Certes, geonX a bénéficié de la “dot” de Cenaero et continuera de s’appuyer sur les résultats de sa R&D. Mais des développements en propre seront nécessaires. Et ces développements ont un coût. “geonX compte encore notamment sur le soutien de la Région pour ses activités de R&D. La Région fait ce qu’elle peut et on peut difficilement lui demander d’en faire plus. N’empêche que les facilités dont bénéficient d’autres pays laissent rêveur”, estime Michel Delanaye.
Côté privé, en plus des fonds apportés par ses deux fondateurs, geonX a bénéficié, pour son financement de départ, d’une mise de fonds de Sambrinvest à hauteur de 100.000 euros. Elle a également ouvert son capital à un partenaire privé. En l’occurrence, la société française Silkan qui est le résultat de la fusion de deux acteurs hexagonaux: HPC Project, spécialisée dans les solutions de simulation hautes performances, et Arion Entreprise, active sur le terrain des systèmes embarqués temps réel et déterministes. Silkan distribuera les solutions geonX au Canada et aux Etats-Unis.
La société a par ailleurs introduit un dossier de subvention auprès de la Région wallonne (à la fois pour un subside sous forme d’avance récupérable et d’une aide à la recherche et à l’innovation technologique). Réponse attendue (en principe) pour le début 2013. D’autres moyens financiers viendront de la participation au projet européen Hilda (High Integrity Low Distortion Assembly), auquel participe d’ailleurs aussi le Cenaero.

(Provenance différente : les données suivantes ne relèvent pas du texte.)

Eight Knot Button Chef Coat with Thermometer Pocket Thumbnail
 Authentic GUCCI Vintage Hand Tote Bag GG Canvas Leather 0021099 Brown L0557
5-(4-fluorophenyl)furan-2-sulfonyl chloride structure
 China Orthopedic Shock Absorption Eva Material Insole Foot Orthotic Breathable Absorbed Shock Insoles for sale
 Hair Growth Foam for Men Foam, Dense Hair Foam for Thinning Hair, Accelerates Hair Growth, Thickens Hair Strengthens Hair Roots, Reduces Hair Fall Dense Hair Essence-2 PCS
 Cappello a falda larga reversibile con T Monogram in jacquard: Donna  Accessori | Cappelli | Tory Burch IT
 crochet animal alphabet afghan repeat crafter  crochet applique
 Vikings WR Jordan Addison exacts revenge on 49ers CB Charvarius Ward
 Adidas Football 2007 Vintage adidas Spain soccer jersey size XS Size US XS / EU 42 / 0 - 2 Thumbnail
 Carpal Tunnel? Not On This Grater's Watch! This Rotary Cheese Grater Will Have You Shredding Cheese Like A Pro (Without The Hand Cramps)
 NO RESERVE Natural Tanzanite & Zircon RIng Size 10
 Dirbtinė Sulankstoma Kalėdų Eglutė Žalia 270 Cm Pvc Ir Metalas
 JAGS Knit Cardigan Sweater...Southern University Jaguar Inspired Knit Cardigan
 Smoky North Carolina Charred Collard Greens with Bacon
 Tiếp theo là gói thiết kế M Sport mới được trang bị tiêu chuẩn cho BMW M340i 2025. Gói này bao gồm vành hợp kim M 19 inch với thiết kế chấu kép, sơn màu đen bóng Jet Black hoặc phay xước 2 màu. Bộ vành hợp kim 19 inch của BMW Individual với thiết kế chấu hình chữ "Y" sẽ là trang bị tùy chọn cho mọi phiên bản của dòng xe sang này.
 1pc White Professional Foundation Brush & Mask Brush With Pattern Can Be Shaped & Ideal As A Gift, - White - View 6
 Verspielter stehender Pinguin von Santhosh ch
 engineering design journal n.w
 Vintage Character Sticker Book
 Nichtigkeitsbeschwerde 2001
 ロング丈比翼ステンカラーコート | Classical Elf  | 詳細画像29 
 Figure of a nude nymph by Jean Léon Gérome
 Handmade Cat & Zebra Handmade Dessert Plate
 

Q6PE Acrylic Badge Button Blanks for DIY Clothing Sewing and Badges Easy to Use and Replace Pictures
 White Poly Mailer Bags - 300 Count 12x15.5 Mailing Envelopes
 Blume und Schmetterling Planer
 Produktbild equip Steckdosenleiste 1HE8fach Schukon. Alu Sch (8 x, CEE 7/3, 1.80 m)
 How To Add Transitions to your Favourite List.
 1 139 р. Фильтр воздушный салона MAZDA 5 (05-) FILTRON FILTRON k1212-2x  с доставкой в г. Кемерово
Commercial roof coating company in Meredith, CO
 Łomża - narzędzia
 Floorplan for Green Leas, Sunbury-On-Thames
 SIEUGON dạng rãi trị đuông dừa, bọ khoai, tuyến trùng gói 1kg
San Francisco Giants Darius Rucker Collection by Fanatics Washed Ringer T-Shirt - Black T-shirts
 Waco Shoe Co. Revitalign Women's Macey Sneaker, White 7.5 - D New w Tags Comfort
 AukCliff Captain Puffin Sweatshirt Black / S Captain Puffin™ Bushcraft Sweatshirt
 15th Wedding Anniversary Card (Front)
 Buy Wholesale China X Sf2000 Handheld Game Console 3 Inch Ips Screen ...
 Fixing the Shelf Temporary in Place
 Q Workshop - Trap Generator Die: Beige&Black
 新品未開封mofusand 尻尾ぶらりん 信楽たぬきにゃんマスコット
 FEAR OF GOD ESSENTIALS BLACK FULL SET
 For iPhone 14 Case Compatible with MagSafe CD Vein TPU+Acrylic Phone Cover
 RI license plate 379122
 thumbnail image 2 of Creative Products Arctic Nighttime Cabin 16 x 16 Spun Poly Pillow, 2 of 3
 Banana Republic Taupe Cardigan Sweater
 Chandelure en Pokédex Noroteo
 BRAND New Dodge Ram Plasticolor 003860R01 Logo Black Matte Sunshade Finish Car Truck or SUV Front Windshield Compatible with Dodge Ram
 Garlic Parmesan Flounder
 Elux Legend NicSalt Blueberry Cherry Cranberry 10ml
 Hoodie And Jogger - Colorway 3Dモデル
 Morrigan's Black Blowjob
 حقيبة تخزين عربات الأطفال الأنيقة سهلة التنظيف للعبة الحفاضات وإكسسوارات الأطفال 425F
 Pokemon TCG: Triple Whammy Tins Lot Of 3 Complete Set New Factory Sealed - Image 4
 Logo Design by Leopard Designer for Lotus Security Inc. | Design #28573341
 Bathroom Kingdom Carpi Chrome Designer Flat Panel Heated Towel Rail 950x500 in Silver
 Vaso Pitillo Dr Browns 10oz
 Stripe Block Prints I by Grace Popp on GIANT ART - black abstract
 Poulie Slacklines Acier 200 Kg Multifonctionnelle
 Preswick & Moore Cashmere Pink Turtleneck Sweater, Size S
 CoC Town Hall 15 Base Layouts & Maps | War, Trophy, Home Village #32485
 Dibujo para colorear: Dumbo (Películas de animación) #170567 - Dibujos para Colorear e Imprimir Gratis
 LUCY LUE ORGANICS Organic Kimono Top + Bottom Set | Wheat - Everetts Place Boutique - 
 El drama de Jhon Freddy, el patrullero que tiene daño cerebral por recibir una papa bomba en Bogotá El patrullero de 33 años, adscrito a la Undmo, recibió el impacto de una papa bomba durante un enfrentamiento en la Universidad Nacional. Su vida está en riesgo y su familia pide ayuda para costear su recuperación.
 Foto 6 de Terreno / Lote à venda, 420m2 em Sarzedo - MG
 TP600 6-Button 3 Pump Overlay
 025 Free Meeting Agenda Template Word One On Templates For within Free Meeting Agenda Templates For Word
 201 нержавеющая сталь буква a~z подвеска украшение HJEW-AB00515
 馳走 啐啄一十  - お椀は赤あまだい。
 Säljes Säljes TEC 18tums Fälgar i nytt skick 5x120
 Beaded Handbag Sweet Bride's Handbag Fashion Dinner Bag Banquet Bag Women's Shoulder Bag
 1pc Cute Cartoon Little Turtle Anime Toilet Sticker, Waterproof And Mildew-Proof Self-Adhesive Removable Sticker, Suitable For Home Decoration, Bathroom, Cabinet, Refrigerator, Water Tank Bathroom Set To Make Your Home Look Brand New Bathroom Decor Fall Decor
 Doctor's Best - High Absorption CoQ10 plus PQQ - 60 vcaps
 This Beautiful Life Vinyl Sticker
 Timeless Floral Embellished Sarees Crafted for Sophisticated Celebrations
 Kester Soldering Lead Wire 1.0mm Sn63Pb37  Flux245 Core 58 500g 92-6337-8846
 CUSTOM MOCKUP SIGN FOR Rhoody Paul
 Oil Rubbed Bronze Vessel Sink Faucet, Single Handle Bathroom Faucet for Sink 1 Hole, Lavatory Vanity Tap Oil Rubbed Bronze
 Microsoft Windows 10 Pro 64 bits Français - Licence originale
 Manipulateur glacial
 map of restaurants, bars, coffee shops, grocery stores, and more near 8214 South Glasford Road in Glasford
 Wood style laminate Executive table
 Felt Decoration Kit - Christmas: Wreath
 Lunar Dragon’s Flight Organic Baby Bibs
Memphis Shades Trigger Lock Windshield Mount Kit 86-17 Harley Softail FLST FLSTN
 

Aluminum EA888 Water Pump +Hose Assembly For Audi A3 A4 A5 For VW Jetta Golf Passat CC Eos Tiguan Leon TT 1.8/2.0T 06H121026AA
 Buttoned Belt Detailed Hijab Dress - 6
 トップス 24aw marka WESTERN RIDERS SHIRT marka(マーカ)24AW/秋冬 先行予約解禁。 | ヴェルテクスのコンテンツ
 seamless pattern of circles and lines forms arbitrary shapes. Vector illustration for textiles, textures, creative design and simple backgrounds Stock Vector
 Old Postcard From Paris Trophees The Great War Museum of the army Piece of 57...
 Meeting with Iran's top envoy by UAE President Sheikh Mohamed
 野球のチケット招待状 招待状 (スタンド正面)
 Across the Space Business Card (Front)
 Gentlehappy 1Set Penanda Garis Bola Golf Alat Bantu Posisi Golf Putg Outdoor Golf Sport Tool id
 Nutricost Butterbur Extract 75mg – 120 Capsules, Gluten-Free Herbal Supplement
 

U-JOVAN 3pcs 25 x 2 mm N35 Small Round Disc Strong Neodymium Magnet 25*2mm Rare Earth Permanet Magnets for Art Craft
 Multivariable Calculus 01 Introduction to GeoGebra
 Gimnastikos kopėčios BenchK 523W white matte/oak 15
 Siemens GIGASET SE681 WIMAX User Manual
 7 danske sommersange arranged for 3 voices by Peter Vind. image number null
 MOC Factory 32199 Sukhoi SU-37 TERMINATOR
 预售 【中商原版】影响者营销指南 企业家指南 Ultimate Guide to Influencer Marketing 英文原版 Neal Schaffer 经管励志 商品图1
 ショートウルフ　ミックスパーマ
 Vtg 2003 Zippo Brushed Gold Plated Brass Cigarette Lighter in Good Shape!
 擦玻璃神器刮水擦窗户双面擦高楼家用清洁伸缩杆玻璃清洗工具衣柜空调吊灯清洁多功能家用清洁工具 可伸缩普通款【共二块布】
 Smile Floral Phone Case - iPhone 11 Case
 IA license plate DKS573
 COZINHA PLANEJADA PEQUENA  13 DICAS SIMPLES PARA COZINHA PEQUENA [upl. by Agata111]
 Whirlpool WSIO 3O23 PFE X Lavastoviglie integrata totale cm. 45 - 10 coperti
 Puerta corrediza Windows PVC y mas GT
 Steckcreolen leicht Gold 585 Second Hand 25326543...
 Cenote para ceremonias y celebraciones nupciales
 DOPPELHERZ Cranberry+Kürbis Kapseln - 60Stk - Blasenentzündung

L’équipe, qui ne compte encore que 3 personnes, devrait accueillir deux recrues en 2013. Profils: un développeur, qui planchera sur l’interface utilisateur, et un ingénieur technico-commercial.
Côté commercial, la société couvrira seule les pays européens mais s’appuiera par contre sur des distributeurs dans le reste du monde (Chine, Japon, Corée, Canada…). Un réseau encore à constituer, pour une bonne part.
Parmi les premiers clients de geonX, citons Tractebel Engineering, la Snecma et Turbomeca (groupe Safran), Airbus ou encore le CNRC (Conseil national de recherches du Canada).
L’espoir est de décrocher aussi quelques belles références locales, du genre Sonaca, TechspaceAero ou Caterpillar.